National Masonic Research Society
Organized in Iowa, 1914, the Society commenced the publication of the Builder, January, 1915, with Reverend Joseph Fort Newton as Editor-in-Chief. A managing Board of Stewards, all of the Grand Lodge of Iowa, were George E. Frazier, President; Newton R. Parvin, Vice- President; George L. Sehoonover, Secretary, with Louis Block, C. C. Hunt, John W. Barry. Ernest A. Reed of New Jersey became President in 1922, with R. I. Clegg, Ohio, VicePresident; C. C. Hunt, Iowa, Secretary, and F. H. Littlefield, Missouri, Executive Secretary and Treasurer. Later, Brothers R. I. Clegg, H. L. Haywood, Robert Tipton, Dudley Wright, Louis Block, A. B. Skinner, J. H. Tatsch, became associate editors, Brother Haywood becomung editor in 1921, and R. J. Meekren in 1926.
In 1913 Bro. George L. Schoonover of Anamosa, Ia., who was to become Grand Master, Grand Lodge of Iowa, some five years later, became deeply impressed by the fact that among the three million Masons in America were a rapidly-increasing number of Masonic students; and that newly-made Masons, imbued with the spirit of the time, were more and more demanding to know "what it is all about." He was familiar with the world-wide influence of the Iowa Grand Lodge Library, and with the work of Research Lodges in England, but believed that the American Craft needed a facility of a different kind, not localized but national, and one not an official arm of any Grand Lodge yet one that could be approved by each Grand Lodge and could cooperate with them. He worked out a plan for a national society, to be devoted to Masonic studies and to be a way-shower in Masonic education, and to be composed not of Lodges or of Grand Lodges but of individual Masons who would join it voluntarily, each paying a small annual sum for dues; he also believed that such a society would require a monthly journal; not a Masonic newspaper but a competently edited, well-printed, illustrated magazine, carrying no advertisements, which could compare favorably with the best non-Masonic journals. He believed also that while the society ought to stand on its own feet and pay its own way it should be examined, approved, and officiallY endorsed by a Grand Lodge beforehand.

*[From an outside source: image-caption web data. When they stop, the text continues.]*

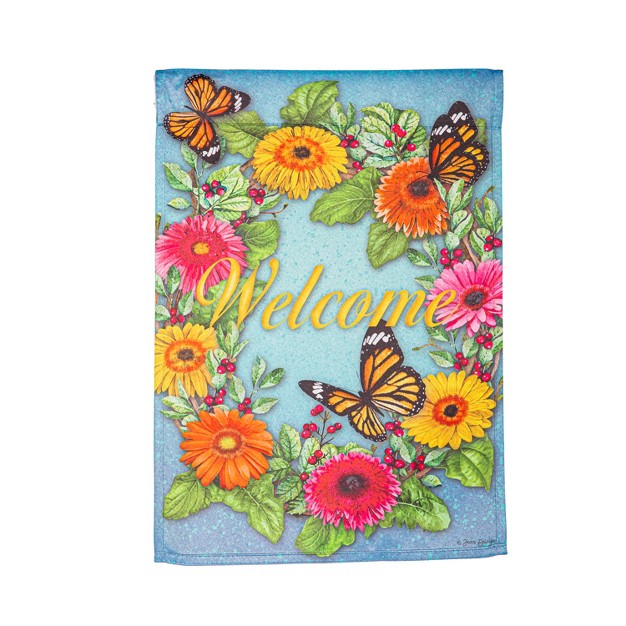 Gerbera Butterflies Suede Garden Flag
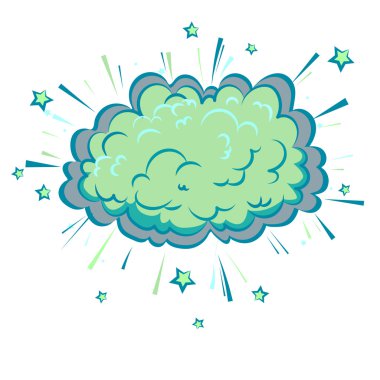 Boom bulutu çizgi roman illüstrasyon, Pop sanat tarzı. Vektör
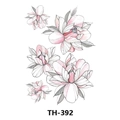 Waterproof temporary tattoo featuring pink and black floral design style TH-392 - Th-392 / 210*148mm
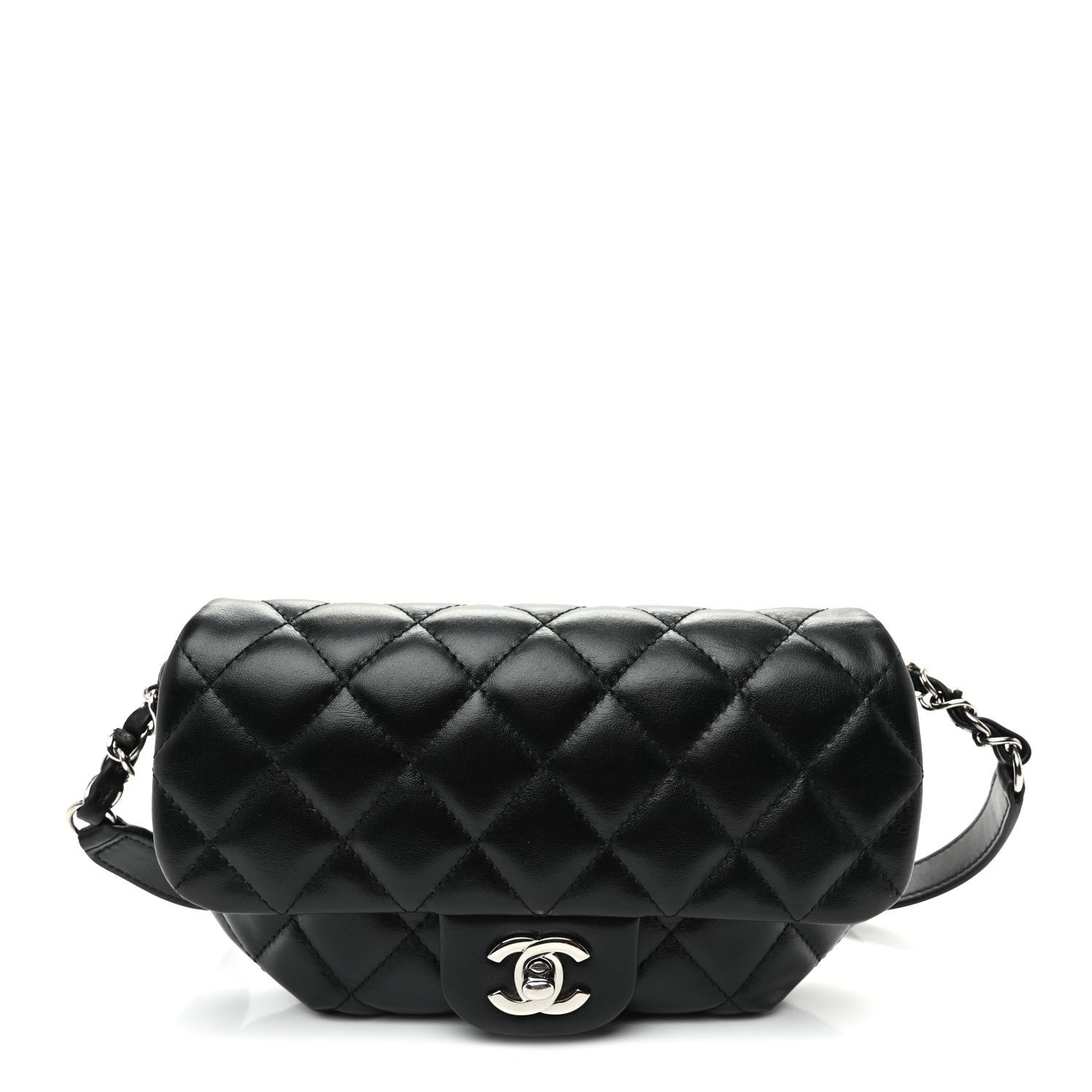 Chanel Calfskin Quilted CC Uniform Flap Belt Bag Black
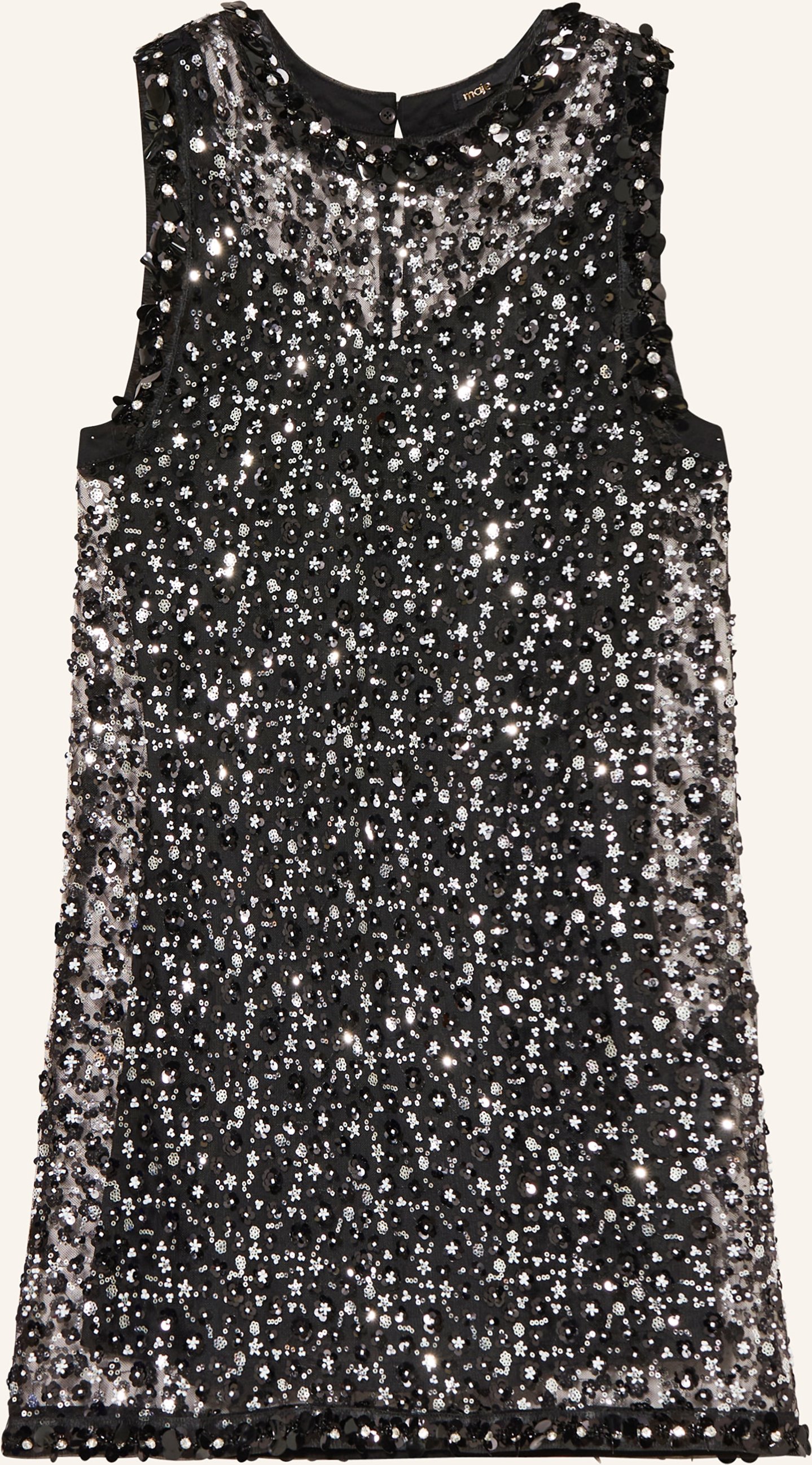 Maje Mesh-Kleid Mit Schmuckperlen Und Pailletten schwarz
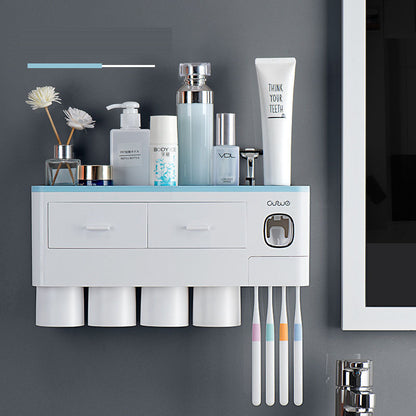 Wall-Mounted Toothbrush Holder Wash Set Household Magnetic Multi-Purpose Single Drawer Storage Rack With Toothpaste Squeezer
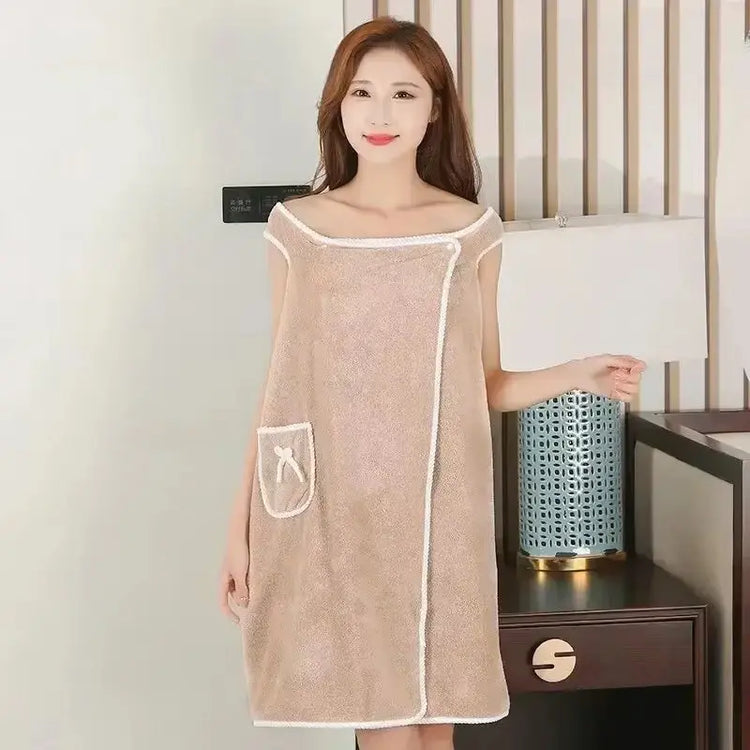 Wearable Coral Fleece Bath Towels - Soft, Absorbent, and Thickened Towel Dress and Camisole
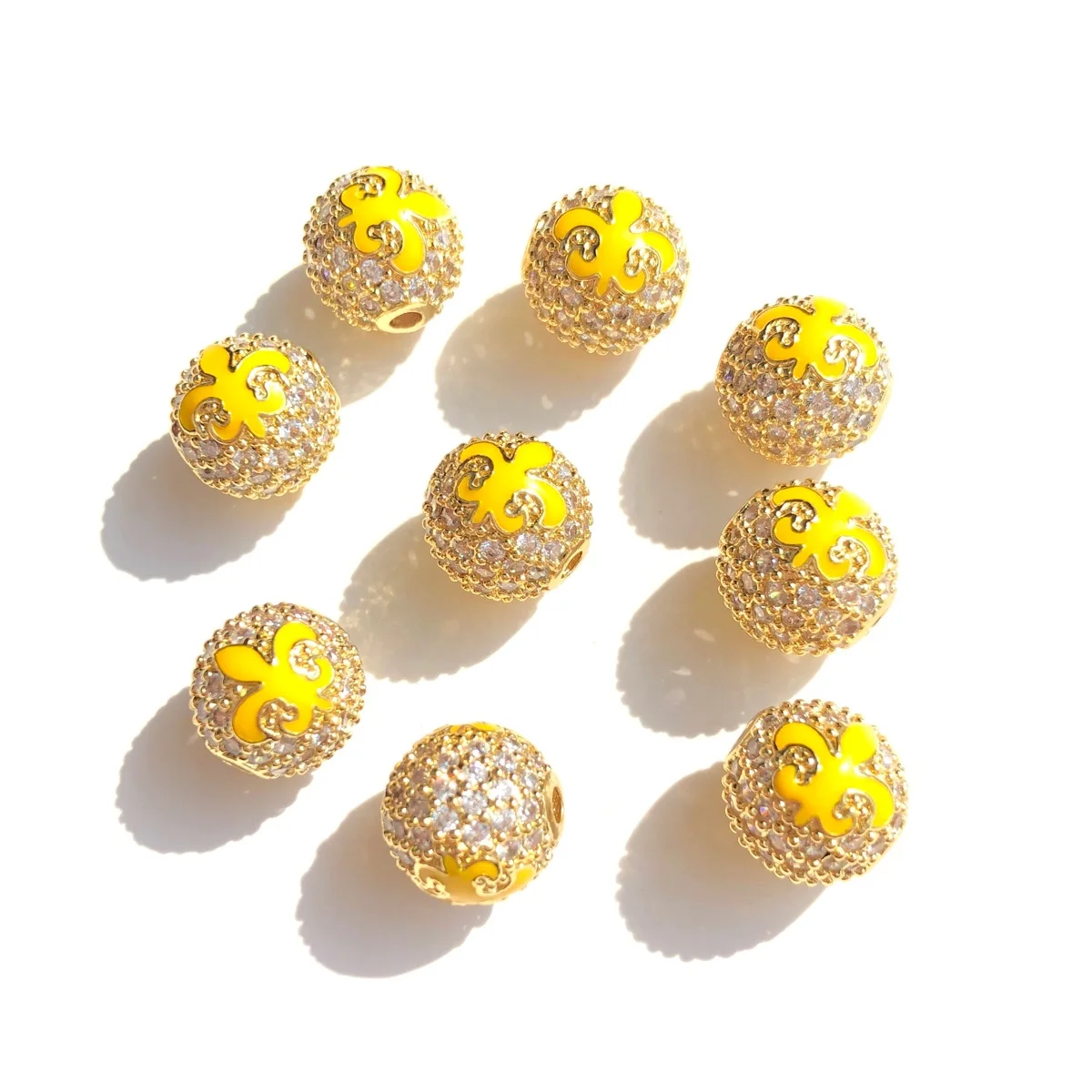 9pcs Green Yellow Purple New Orleans Mardi Gras Loose Ball Spacers Beads Zirconia Pave Gold-plated Jewelry Making Accessory Bulk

In 1914 he laid his plan before the Grand Lodge of Iowa, and received whole-hearted endorsement. Though not a man of great wealth Bro.Schoonover was a man of means, and at his own expense he erected a three-story, beautifully designed headquarters building in his home town of Anamosa, Ia., some twenty-three miles outside of Cedar Rapids. The newly- formed organization chose the name "National Masonic Research Society"; secured Joseph Fort Newton as Editor-in-Chief; employed Wildey E. Atchison of Colorado to be Assistant Secretary in charge of staff and on January lst, 1915, issued the first number of The Builder, its official monthly journal, sent to members only.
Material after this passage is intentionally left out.